Collection entries:

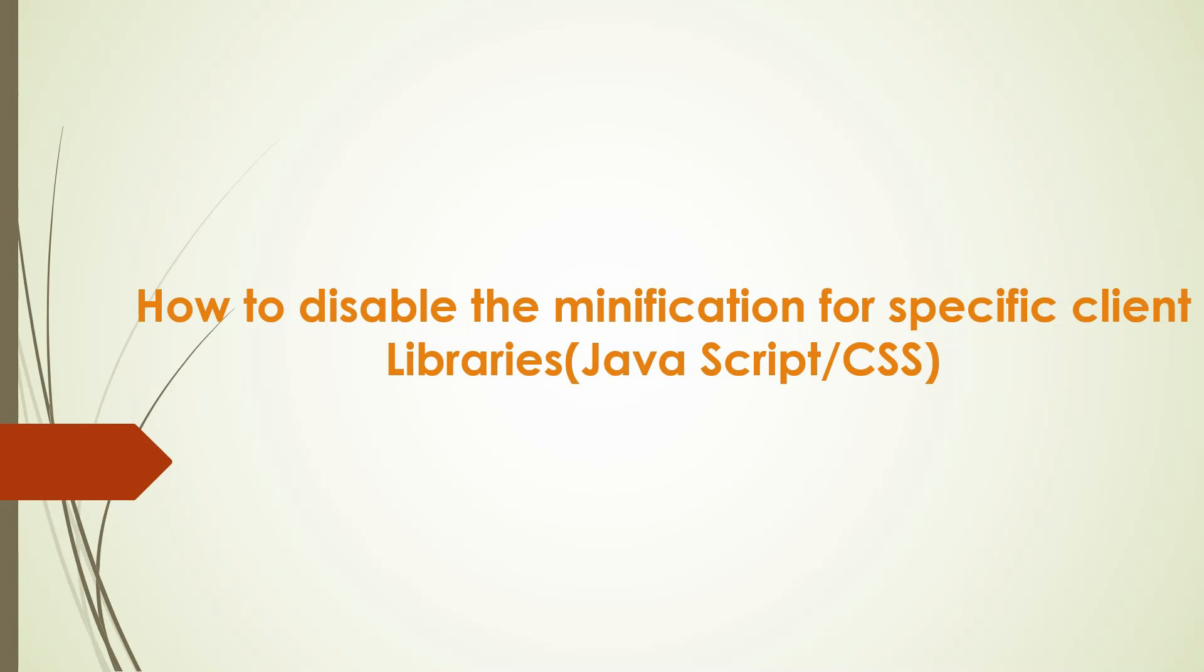Hi all, welcome to Tech Forum. In this video, let us see how to disable the minification process for specific client library resources in AEM.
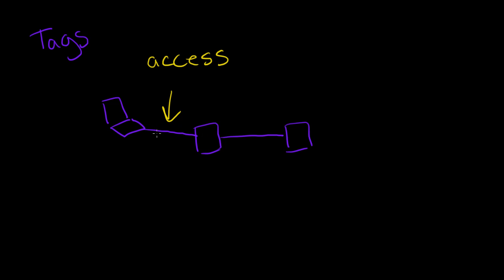And what happens is, on the switch, for an access port, it will ignore any existing VLANs. So if this user tries to tag their VLAN packet, it will just disregard that and it only will pay attention to what you configure on the port. So if we say this port is part of VLAN 10...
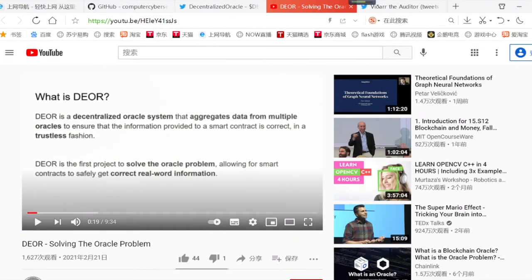这边如果你想要了解关于Dior的更多情况，我们可以到YouTube上面来观看这个视频《Dior: Solving the Oracle Problem》，来查看它是如何解决预言机的问题。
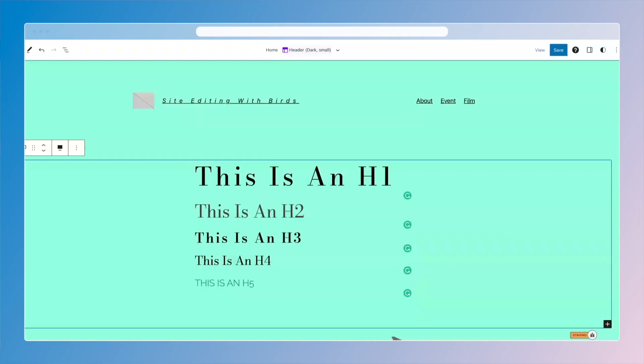Hello. Now we're going to look at styles. Styles are essentially design tools you have to control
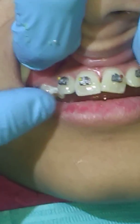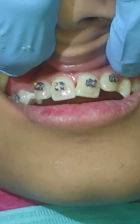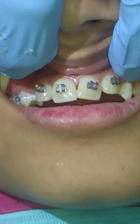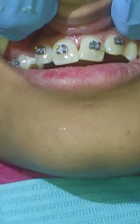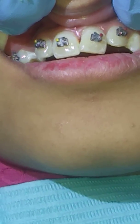Assalamualaikum and welcome to California Care. We're going to discuss the reason behind the white spot lesions in post-orthodontic cases.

About this task:
Output all the records, word for word, with no pictures in the copy.

Finished exercise:
Hi all, welcome to Tech Forum. In this video, let us see how to disable the minification process for specific client library resources in AEM.
And what happens is, on the switch, for an access port, it will ignore any existing VLANs. So if this user tries to tag their VLAN packet, it will just disregard that and it only will pay attention to what you configure on the port. So if we say this port is part of VLAN 10...
这边如果你想要了解关于Dior的更多情况，我们可以到YouTube上面来观看这个视频《Dior: Solving the Oracle Problem》，来查看它是如何解决预言机的问题。
Hello. Now we're going to look at styles. Styles are essentially design tools you have to control
Assalamualaikum and welcome to California Care. We're going to discuss the reason behind the white spot lesions in post-orthodontic cases.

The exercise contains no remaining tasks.